IMPRESSIONS MAGAZINE is all about the Arts!...
Theater Arts, Photography, Essays, Poetry, Graphic Arts, Music, Fashion, interviews with playwrights, Minority Film Directors, Community Leaders, Composers/Musicians, Actors, Reggae Stars, Graphic Artists, Designers, Choreographers, Essayists, Poets, Civil Rights Leaders, Martial Artists, Novelists, Singers of all genres as well as East and West Coast Hollywood luminaries.
IMPRESSIONS offers an underground cultural, on-the-ground snapshot of the times. (December 1974 - June 1976)
The 1970's was a tumultuous time. US President Richard Nixon was impeached and forced to resign from office in 1974 after the revelations of the Watergate scandal became public. We experienced the fall of Saigon and the end of the Vietnam War in 1975. In 1973, America was held hostage to a Middle East oil crisis and Disco Music exploded with Donna Summer reigning as Disco Queen in the mid to late 1970's. In 1977, 'Saturday Night Fever' made a star of John Travolta and rolled on to become a huge commercial hit. Novelist Tom Wolfe referred to the 1970's as the ‘Me decade’ or as the ‘Third Great Awakening.’

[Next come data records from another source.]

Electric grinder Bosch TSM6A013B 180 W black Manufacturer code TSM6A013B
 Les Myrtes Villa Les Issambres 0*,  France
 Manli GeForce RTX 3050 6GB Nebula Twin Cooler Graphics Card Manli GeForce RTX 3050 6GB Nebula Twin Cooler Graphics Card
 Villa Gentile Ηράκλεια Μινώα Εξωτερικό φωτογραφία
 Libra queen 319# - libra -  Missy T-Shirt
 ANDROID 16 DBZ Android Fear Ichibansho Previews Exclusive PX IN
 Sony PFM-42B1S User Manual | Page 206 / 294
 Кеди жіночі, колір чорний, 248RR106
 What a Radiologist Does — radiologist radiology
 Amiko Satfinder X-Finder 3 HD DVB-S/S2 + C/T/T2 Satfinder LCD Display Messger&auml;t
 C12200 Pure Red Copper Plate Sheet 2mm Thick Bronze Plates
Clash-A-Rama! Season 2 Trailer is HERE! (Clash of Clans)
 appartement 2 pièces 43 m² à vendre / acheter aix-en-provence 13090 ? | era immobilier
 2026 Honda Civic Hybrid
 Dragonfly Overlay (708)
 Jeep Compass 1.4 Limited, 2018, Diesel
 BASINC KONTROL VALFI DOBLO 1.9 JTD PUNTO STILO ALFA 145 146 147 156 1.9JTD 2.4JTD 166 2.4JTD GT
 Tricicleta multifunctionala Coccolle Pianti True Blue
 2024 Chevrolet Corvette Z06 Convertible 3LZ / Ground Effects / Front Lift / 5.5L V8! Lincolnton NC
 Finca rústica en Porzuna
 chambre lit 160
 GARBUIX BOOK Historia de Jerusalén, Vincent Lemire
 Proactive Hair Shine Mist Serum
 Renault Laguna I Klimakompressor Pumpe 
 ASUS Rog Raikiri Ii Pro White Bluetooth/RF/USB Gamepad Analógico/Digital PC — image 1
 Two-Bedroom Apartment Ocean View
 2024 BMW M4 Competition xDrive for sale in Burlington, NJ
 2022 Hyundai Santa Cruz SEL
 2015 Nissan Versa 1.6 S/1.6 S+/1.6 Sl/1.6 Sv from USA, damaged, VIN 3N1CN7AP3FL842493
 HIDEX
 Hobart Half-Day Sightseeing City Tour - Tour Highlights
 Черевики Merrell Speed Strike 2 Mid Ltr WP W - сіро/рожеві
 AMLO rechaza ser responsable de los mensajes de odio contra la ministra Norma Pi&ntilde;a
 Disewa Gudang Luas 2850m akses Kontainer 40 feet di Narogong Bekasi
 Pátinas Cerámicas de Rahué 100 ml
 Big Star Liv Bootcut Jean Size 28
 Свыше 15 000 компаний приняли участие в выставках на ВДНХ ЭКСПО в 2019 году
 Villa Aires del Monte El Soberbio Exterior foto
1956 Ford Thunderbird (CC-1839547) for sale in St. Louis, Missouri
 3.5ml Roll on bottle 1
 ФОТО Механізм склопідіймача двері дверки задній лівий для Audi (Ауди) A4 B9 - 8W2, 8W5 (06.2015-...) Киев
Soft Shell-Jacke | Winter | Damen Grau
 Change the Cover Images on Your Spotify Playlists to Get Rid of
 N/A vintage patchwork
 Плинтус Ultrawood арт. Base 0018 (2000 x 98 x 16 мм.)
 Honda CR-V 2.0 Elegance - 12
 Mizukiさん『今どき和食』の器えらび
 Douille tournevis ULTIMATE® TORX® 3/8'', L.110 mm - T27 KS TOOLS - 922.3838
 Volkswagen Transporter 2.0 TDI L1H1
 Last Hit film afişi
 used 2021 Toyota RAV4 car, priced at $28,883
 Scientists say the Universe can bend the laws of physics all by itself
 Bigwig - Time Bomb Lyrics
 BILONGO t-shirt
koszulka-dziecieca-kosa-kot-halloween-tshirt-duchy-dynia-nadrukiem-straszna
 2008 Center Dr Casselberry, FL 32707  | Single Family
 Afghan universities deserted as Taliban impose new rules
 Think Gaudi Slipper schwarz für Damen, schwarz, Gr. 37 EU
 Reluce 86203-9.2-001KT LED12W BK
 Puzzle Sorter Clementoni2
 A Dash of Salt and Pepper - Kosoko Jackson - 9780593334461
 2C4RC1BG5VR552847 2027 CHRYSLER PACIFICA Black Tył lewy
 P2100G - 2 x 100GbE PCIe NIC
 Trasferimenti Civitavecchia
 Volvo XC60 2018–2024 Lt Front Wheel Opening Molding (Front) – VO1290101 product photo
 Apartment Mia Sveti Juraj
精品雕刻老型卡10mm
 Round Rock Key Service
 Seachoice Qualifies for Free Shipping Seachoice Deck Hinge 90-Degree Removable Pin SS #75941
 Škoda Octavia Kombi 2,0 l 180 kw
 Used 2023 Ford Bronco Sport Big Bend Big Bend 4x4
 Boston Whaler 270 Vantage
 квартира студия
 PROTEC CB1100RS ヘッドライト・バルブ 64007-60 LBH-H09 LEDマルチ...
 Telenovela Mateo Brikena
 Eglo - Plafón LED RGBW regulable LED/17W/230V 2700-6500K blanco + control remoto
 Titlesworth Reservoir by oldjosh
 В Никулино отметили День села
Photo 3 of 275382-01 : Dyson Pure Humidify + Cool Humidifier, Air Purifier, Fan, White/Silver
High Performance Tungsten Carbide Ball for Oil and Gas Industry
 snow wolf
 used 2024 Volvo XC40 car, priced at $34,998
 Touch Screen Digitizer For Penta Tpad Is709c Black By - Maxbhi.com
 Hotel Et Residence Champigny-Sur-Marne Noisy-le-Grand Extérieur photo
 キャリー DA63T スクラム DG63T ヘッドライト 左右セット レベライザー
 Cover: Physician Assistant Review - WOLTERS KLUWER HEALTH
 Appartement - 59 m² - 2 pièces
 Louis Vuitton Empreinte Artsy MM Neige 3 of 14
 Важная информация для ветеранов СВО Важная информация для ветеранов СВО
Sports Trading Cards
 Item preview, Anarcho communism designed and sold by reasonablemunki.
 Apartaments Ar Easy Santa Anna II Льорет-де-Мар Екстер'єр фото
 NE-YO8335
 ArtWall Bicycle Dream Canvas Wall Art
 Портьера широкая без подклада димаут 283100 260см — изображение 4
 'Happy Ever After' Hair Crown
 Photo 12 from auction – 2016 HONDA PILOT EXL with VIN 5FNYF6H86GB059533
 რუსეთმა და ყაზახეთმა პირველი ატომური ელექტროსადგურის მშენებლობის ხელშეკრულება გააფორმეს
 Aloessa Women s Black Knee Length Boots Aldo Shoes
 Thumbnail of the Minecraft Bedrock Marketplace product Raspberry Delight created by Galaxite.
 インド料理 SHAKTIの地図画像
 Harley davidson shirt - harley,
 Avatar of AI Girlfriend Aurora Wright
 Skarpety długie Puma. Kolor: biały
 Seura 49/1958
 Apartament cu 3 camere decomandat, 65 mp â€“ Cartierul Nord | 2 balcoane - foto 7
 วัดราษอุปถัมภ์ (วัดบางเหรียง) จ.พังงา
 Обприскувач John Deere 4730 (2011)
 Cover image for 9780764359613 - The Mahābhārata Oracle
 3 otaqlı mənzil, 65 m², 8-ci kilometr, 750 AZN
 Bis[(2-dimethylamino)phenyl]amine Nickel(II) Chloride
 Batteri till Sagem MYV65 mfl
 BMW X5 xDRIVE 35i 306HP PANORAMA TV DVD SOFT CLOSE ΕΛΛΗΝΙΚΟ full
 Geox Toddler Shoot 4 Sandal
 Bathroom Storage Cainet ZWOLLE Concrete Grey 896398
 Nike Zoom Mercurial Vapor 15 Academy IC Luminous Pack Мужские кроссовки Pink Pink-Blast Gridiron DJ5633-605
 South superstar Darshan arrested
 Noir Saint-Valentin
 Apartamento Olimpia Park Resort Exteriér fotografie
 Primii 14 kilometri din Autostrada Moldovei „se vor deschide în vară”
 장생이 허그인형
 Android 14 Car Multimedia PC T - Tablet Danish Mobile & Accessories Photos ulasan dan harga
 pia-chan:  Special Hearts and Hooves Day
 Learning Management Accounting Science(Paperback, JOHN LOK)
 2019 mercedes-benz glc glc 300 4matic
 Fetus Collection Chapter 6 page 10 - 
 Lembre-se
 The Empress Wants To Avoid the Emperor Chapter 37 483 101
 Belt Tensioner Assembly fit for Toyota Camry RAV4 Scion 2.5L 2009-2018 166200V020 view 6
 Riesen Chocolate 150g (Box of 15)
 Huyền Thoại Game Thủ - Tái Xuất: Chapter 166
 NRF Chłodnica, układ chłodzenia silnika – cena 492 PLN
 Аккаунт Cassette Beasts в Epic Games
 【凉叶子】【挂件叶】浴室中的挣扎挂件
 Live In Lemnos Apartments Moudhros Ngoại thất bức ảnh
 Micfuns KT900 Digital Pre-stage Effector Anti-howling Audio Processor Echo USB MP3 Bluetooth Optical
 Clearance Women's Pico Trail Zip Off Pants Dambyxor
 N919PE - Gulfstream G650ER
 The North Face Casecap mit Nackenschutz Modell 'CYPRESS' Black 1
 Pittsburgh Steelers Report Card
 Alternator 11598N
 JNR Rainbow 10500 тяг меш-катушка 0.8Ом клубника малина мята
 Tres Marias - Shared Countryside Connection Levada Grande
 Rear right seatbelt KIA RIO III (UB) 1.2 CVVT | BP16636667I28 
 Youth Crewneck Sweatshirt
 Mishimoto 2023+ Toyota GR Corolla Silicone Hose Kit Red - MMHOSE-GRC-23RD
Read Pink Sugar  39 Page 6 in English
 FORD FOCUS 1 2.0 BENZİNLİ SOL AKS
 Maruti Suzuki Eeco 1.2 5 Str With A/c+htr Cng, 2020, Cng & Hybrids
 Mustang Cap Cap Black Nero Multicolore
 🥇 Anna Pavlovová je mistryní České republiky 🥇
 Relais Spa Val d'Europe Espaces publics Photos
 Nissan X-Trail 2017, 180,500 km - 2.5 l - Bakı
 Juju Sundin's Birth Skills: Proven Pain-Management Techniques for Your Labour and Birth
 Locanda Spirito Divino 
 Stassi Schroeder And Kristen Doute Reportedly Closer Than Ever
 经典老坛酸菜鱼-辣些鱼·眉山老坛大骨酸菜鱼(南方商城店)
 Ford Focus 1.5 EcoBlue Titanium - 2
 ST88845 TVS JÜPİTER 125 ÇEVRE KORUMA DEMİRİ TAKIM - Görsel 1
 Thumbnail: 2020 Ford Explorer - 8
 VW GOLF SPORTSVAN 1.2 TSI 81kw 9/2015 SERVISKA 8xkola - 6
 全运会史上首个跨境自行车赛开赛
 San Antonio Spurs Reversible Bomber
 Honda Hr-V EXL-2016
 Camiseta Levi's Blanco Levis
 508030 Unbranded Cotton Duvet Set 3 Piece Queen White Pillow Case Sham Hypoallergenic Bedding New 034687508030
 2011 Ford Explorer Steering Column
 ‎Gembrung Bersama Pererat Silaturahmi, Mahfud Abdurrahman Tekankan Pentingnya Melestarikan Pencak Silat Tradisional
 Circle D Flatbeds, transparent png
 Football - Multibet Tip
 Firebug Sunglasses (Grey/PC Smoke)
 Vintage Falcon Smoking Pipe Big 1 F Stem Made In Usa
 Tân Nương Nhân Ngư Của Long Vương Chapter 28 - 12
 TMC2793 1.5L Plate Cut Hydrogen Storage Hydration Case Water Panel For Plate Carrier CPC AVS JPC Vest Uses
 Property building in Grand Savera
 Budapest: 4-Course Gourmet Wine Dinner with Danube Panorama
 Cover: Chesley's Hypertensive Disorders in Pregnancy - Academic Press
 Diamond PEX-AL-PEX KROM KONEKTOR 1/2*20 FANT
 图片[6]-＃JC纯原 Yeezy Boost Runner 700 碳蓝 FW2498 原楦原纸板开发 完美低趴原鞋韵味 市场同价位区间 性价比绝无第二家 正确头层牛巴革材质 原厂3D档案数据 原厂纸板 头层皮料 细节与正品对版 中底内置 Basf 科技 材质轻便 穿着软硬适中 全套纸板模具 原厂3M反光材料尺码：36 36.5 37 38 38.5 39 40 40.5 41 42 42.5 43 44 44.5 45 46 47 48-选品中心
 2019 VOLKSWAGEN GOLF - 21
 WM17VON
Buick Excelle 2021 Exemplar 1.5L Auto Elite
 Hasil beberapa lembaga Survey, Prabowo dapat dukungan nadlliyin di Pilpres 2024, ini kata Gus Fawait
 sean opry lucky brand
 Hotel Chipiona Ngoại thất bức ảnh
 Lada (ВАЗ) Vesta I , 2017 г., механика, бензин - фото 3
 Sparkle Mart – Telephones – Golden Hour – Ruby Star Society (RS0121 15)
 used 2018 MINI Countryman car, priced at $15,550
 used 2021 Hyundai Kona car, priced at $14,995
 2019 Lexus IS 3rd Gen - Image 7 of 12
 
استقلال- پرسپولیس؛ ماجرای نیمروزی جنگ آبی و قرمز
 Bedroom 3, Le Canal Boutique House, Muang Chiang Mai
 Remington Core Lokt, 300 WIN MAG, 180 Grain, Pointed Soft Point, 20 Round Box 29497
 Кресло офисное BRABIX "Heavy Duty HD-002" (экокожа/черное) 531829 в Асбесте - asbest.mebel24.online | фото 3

“The hippie culture which started in the latter half of the 1960's, waned by the early 1970's and faded towards the middle part of the decade, which involved opposition to the Vietnam War, opposition to nuclear weapons, the advocacy of world peace, and hostility to the authority of government and big business. The environmentalist movement began to increase dramatically in this period.” - Wikipedia.com
The Black Arts Movement was born.
In 1971, underground independent African-American Filmmaker Melvin Van Peebles released his film titled, 'Sweet Sweetback's Baadassssss Song,' for a modest budget of $150,000 and went on to gross an amazing $10 Million Dollars. Van Peebles not only directed, scripted, and edited the film, but also wrote the score and directed the marketing campaign. A prolific and diverse Artist, Van Peebles in that same year also directed his hit Broadway play, 'Ain't Supposed to Die a Natural Death' (he wrote the musical book and score.)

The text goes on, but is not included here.